ALL INSTALLATIONS MUST BE PER CURRENT NEC
Wiring must be done to the standards of the latest state-adopted National Electrical Code. (separate permit required). Service must have shut off/main disconnect immediately inside the garage, for each; receptacle outlets and lights, at the entrance point of the feed from the house, in addition to the breaker disconnect at panel in home. Man door shall be illuminated by switched fixtures, inside and out. Outlets must be GFCI and supplied by its own 20-amp circuit. One receptacle for each car bay. Lights need to be switched and independent of the outlets. Outlets at or below 5’ 6” must be tamper resistant. Any receptacles on the exterior of the garage must be tamper resistant, GFCI protected and “weather resistant.” Exterior receptacles will also need an “extra duty” in use (bubble) cover where exposed to direct rain. Wiring inside garage must be drilled through studs, not run on face. Never drill through factory roof trusses. If wiring is run horizontally, it must be higher than 7’ or protected (covered and inaccessible). Underground wiring to be at a minimum depth as outlined in table 300.5 of the NEC. I.E. 24” deep for direct wire, 18” deep if in nonmetallic conduit
ALL TRENCHES MUST BE INSPECTED BEFORE THEY CAN BE COVERED UP
If an outlet(s) is installed for the purpose of charging electric vehicles it shall be supplied by a separate circuit. The circuit shall not have other outlets.
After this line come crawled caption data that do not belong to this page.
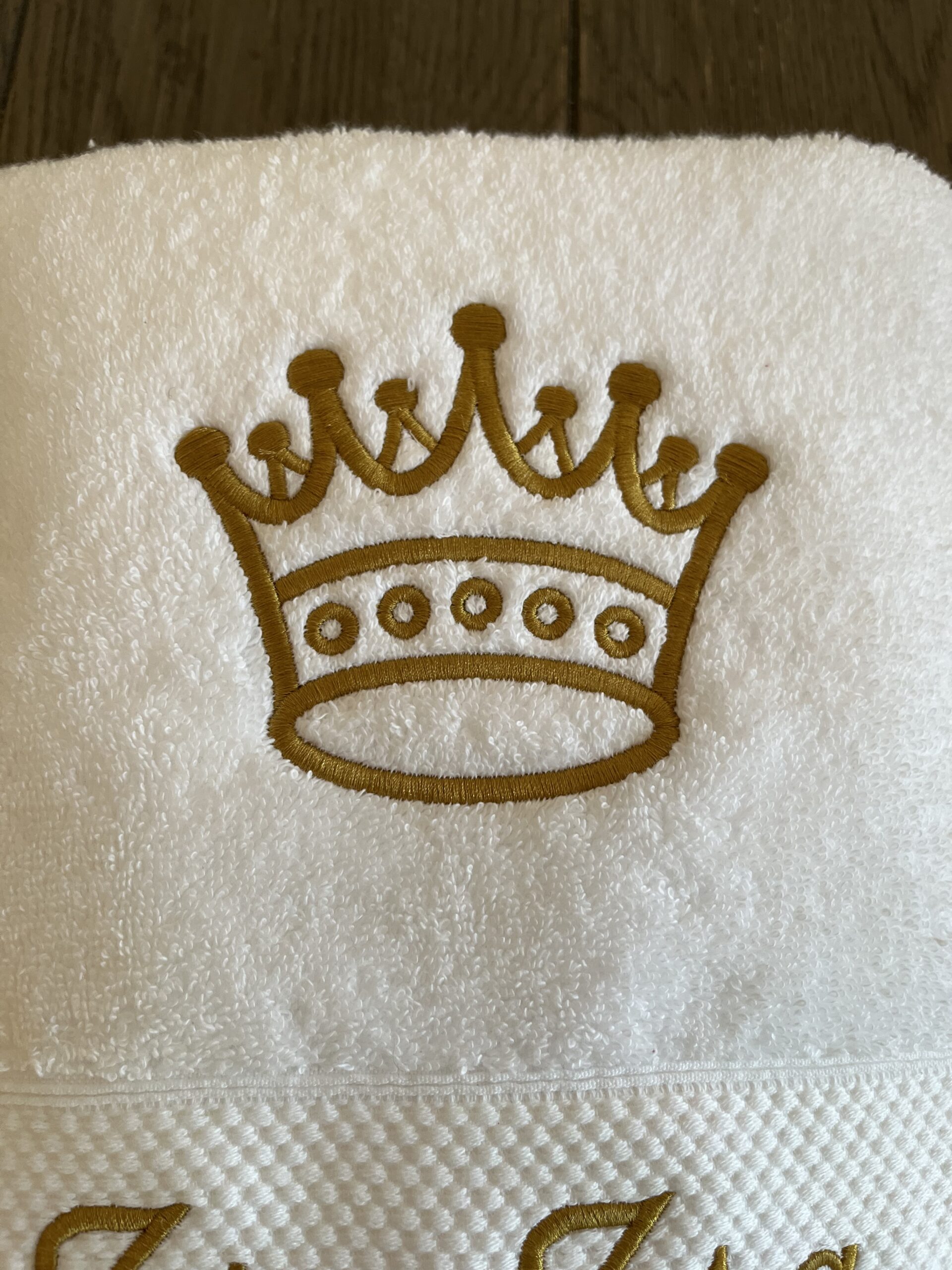 Embroidered towel with crown - Image 3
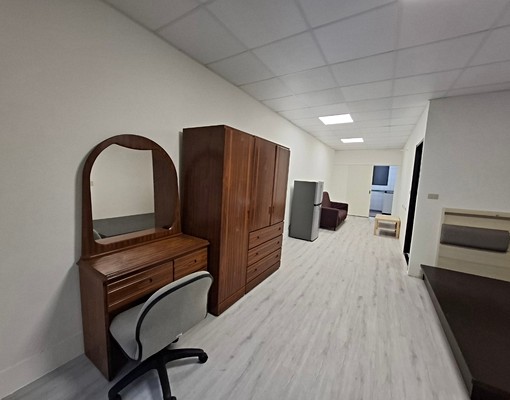 全新裝潢低樓層近雙捷可補助 - Image 3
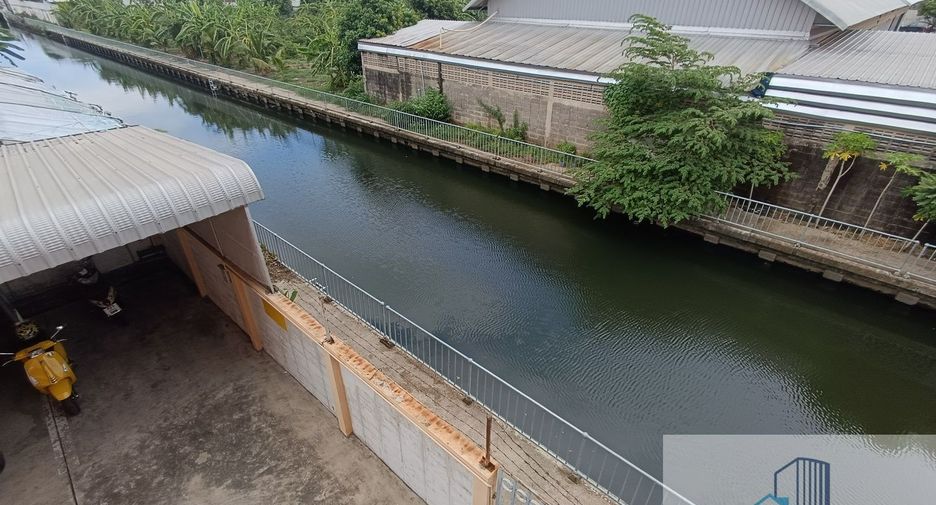 For sale 40 bedrooms apartment in Nong Khaem, Bangkok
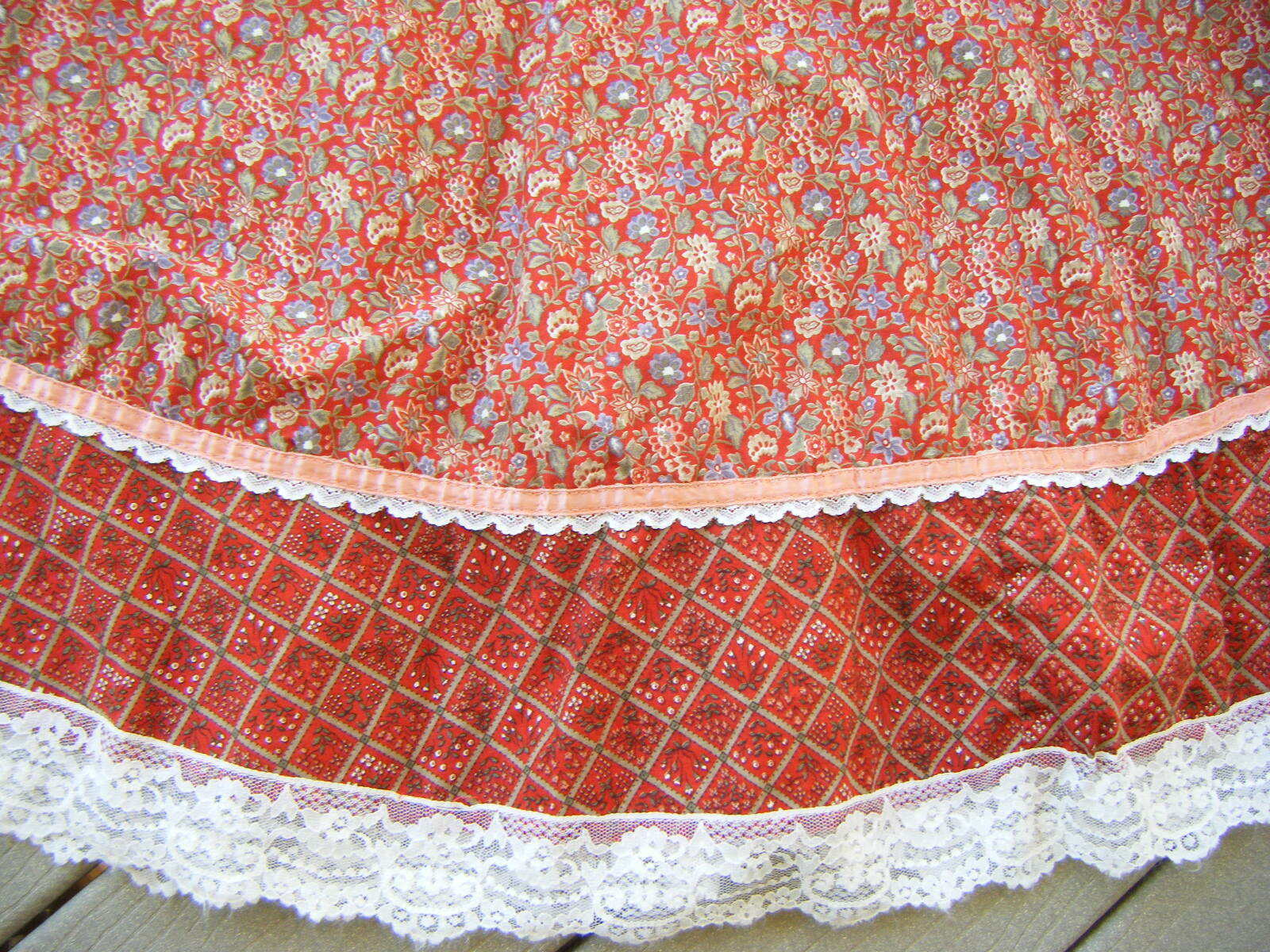 JESSICA'S GUNNIES Vtg 70s Red Floral Ruffle Lace High Waist Skirt-Waist 26.5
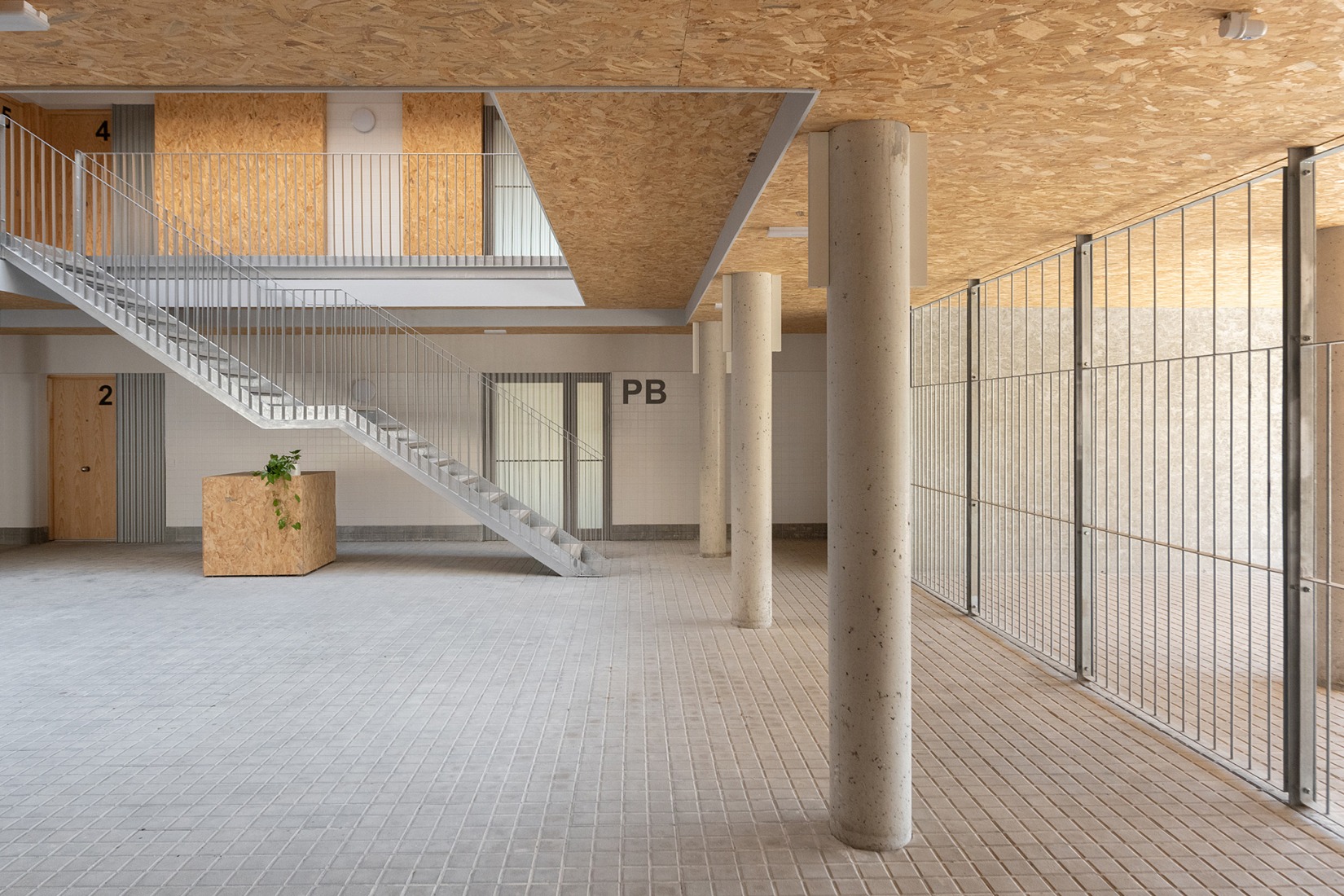 Social housing and collective space in Igualada by UTE MBM arquitectes + 4RQ arquitectura. Photograph by Bea Schulze.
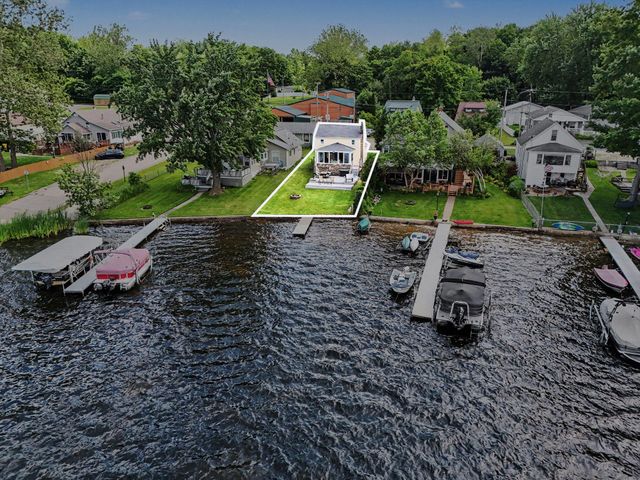 51520 Fish Lake Drive, Marcellus Twp, MI 49067
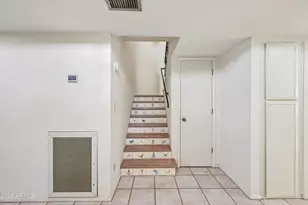 1035 E Laguna Dr, Tempe, AZ 85282 - Photo 17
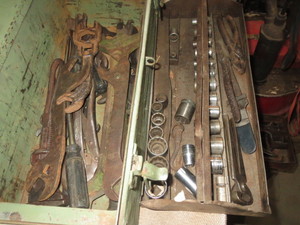 lot 107 image: Wrenches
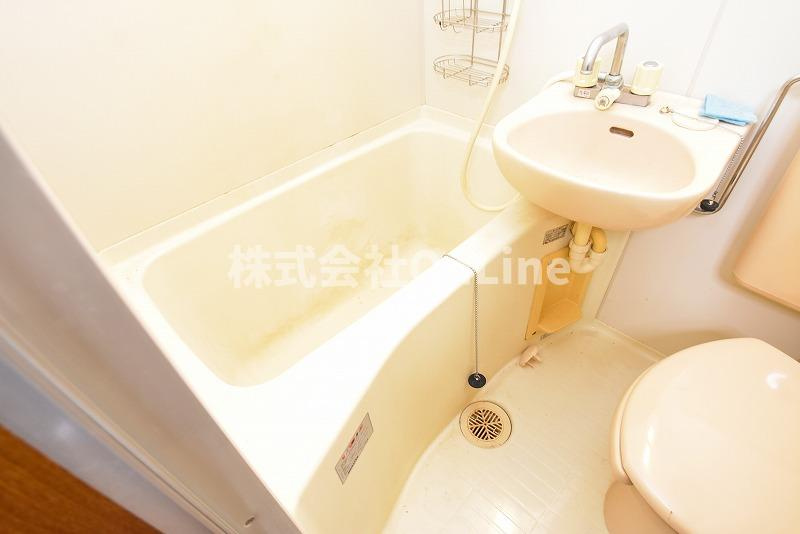 八尾市東山本町５丁目のアパートの浴室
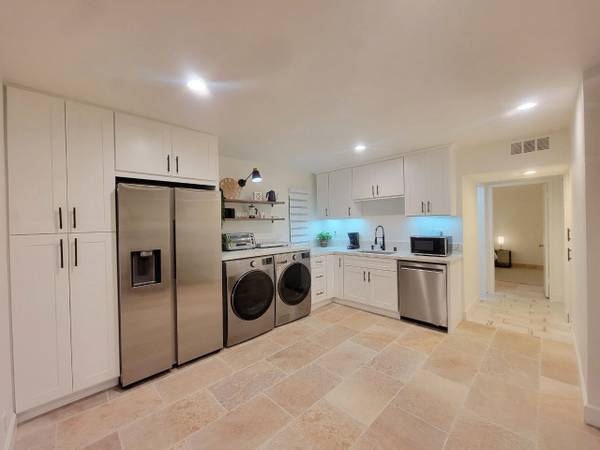 2 Bed 1 Bath Laguna Hills, Utilities Included 1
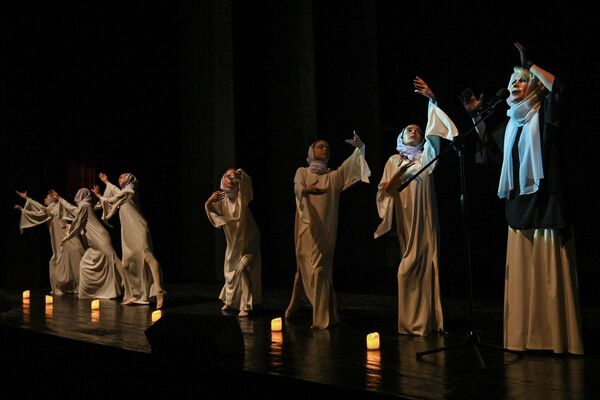 В Баку состоялся праздничный концерт по случаю 80-летия Победы в ВОВ. - Sputnik Азербайджан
Gutters and downspouts are required for all new garages. Downspouts may be connected to the public sewer system, a dry well (a 3’ x 3’ x 3’ gravel pit (1 cubic yard) or provide splash blocks. Any dry well must be landscaped over, located within the required setbacks. Discharged water cannot be diverted towards a neighboring property or in such a way that will cause a nuisance. If using splash blocks, they cannot be located in such a position that allows discharge towards adjacent properties.
New roof installations shall comply with the Residential Code of Ohio and manufacturer’s published instructions. Shingles or approved tiles shall be used on all slopes of 2 in 12 or steeper and installed over 15# felt underlayment. If roof rafters are more than 16” OC, “H” clips are required for sheathing.